Cryptography Notes

PLAINTEXT is the unencrypted data. It's called plainTEXT even if it's really binary data. The name is a throwback to the days when handwritten messages were encrypted manually.
CIPHERTEXT is the encrypted data. Ideally the ciphertext would be statistically indistinguishable from random noise no matter how regular the plaintext was. The "randomness" of the ciphertext is a measure of the quality of the encryption algorithm. Be aware: humans are generally lousy at evaluating "randomness." Just because it looks like gibberish to you doesn't mean it's random. You need to apply appropriate statistical tests.
When analyzing cryptographic systems one always adopts an ATTACKER MODEL where the attacker is assumed to have full knowledge of all algorithms and methods used. The attacker is assumed to not know any secret keys or similar secret data items.
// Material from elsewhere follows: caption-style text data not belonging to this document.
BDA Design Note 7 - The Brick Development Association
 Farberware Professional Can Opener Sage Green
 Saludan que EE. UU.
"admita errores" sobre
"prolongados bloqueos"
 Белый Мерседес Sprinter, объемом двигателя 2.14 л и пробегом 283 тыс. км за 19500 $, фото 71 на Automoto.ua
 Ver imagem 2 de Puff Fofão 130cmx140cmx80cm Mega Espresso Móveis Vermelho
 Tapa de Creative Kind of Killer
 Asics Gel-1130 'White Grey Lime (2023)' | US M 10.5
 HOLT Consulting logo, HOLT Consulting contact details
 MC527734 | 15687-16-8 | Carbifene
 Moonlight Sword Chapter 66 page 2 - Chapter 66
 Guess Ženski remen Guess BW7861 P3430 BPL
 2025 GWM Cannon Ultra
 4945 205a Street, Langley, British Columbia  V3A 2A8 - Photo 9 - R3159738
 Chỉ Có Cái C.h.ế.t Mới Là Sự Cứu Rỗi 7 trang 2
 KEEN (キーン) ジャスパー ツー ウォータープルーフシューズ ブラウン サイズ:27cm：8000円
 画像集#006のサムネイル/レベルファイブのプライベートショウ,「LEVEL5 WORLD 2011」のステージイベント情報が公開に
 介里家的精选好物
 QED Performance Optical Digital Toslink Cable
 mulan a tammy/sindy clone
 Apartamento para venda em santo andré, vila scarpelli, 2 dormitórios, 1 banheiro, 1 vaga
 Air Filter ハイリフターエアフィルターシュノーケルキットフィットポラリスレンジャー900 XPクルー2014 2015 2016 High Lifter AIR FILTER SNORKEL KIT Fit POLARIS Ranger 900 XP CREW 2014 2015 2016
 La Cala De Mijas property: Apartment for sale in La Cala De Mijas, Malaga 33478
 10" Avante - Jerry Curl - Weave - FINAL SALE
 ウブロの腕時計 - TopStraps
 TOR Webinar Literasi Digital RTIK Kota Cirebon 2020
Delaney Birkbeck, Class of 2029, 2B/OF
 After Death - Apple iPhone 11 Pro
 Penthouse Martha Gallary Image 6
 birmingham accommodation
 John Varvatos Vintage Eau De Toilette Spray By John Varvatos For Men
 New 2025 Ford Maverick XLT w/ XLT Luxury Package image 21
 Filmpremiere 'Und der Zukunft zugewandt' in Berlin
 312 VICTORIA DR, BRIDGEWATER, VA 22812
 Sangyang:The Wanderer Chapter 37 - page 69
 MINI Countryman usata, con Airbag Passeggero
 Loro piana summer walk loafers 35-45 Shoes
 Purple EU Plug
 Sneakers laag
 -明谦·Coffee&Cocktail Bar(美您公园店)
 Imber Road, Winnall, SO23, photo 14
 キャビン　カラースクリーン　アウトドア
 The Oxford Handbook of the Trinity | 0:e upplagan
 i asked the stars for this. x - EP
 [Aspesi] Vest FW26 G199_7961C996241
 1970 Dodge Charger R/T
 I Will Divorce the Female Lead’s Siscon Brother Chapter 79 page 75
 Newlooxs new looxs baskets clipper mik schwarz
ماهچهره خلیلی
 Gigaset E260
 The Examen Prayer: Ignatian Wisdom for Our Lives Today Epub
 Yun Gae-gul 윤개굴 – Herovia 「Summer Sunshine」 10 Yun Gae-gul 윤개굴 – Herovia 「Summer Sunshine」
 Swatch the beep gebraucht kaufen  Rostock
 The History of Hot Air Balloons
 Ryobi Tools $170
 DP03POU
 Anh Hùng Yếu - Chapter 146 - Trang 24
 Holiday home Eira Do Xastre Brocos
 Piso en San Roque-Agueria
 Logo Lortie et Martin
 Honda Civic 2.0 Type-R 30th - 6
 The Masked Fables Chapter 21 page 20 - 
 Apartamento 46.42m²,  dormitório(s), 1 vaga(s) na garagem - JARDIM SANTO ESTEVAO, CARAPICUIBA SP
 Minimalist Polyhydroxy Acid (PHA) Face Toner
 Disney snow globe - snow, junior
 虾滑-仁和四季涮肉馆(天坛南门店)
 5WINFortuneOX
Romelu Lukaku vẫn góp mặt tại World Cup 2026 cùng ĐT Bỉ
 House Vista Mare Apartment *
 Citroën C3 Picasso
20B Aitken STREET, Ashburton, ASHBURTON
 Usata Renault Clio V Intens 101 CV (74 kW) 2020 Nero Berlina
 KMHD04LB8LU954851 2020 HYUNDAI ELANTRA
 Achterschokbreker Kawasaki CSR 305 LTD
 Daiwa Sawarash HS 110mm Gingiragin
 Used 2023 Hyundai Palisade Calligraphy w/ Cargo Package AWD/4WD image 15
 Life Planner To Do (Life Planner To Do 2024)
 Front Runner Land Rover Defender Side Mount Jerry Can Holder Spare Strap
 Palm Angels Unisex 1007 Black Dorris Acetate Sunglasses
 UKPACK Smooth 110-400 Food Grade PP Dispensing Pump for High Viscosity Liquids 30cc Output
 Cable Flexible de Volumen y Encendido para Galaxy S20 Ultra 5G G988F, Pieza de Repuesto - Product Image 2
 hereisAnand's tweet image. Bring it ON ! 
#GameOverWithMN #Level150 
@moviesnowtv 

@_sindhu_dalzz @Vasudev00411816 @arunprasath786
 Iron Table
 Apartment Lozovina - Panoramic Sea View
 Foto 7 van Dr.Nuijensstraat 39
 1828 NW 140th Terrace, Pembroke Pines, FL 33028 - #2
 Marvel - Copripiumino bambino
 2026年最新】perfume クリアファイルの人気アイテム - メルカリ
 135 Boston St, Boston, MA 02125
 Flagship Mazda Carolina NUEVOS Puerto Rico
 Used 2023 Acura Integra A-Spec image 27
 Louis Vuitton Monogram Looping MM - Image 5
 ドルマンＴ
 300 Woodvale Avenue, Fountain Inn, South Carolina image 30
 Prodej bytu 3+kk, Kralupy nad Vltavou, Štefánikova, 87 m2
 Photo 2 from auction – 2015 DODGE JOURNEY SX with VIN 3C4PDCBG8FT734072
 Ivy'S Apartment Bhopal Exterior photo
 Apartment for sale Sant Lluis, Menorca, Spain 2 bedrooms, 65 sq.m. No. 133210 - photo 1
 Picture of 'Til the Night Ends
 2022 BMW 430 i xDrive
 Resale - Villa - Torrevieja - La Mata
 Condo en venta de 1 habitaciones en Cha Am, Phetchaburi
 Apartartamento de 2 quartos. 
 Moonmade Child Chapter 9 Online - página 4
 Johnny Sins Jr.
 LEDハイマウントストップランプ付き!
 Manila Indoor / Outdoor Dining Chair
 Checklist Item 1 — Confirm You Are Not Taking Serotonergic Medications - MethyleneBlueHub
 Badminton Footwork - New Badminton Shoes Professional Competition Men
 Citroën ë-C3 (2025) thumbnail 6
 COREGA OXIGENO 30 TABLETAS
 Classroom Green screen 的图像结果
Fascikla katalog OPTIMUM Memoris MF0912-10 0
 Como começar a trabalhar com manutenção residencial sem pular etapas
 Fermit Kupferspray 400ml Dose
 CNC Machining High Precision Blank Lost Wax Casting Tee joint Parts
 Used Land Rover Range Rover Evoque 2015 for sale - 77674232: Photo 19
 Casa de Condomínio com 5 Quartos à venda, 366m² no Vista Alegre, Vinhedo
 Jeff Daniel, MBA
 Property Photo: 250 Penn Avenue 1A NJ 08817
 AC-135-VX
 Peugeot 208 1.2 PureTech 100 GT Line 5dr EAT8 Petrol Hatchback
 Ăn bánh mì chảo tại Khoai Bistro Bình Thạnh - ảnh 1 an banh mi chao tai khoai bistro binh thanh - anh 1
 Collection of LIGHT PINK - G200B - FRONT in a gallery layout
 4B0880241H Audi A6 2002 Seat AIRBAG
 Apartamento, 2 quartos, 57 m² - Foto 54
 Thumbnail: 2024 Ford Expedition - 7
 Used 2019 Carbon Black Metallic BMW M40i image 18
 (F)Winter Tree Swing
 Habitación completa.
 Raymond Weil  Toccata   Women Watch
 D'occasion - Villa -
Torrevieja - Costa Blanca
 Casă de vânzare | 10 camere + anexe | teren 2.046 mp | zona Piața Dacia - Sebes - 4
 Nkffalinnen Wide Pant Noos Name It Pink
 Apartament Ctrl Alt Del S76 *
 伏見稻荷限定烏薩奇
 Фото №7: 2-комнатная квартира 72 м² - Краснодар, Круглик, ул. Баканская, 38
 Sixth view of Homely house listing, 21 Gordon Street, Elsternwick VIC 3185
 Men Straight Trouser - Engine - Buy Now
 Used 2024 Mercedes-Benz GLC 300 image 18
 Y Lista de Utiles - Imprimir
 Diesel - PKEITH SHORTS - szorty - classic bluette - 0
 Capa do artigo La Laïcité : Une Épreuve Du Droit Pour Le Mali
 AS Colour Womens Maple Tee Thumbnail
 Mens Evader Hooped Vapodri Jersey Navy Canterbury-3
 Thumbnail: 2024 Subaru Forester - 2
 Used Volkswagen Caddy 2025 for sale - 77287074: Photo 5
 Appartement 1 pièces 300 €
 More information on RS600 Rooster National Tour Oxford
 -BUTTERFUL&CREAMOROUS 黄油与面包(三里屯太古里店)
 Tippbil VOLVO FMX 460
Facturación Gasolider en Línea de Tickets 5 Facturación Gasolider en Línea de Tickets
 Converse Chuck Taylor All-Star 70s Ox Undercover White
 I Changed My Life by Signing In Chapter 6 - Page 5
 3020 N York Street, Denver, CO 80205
When analyzing network protocols is it common to use the DOLEV-YAO ATTACKER MODEL. A D-Y attacker has total control of the network and can read/write anything anywhere on the network. However, a D-Y attacker has no access to the host systems on the network and no ability to defeat any of the encryption technology being used. It is understood that real attackers are not exactly like this, but the model is useful for evaluation the security of network communications.
SYMMETRIC ENCRYPTION algorithms use the same key for encryption as for decryption. When using such an algorithm for secure communication a major problem is: how do Alice and Bob share the key? You need a secure channel for the key material, and if you have such a channel why not just use it for the data itself?

Secure channels tend to be low bandwidth and intermittent (think about Alice and Bob meeting in a café to exchange keys). Thus, the value of encryption is that it lets you use a reliable, high bandwidth, and probably also very public channel for the bulk communication.
Block ciphers like DES or AES operate on a block of data at a time... never more or less. Typical block sizes are 64 bits or 128 bits but some algorithms use other sizes.
The key size is an important parameter. Small keys can be attacked by brute force: just try them all. This assumes you can recognize the plaintext when you see it (normally not a big problem, but sometimes it's an issue). Notice that brute force can be used against any encryption algorithm; if the key is too small it doesn't matter how clever the algorithm is.
Good algorithms have long enough keys to be "computational infeasible" to brute force. What that means exactly depends on several factors:
- The resources of the attacker. Very resourceful attackers with lots of time/money to spend can feasibly do more than your 10-year-old sister.
- The value of the protected data. If it costs $10,000,000 to build a machine to crack your encryption and the data you encrypted is only worth $20, who is the real loser there?
- The lifetime of the protected data. If it takes a month to crack the encryption of (for example) battlefield orders that are only meaningful for 24 hours, the data is secure enough.
The parameters above are interrelated. Spending more money will likely reduce the time needed to crack the encryption (more money buys faster hardware) but there is no point in spending more money than the data is worth. Even a weak algorithm is fine if the data it is protecting is relatively worthless or very short-lived (or both).

That said, strong encryption algorithms are readily available so there's no reason not to use one.
Some algorithms have mathematical weaknesses that make them easier to attack than brute force. However, this is not a black and white issue. Often such attacks are still quite difficult or even infeasible. If you are worried about mathematical weaknesses you can try increasing the key size. Often (not always) that makes such attacks harder. Thus, there are reasons for using very long keys even if such keys would be far beyond the reach of brute force.
Good encryption algorithms use the principles of "diffusion" and "confusion."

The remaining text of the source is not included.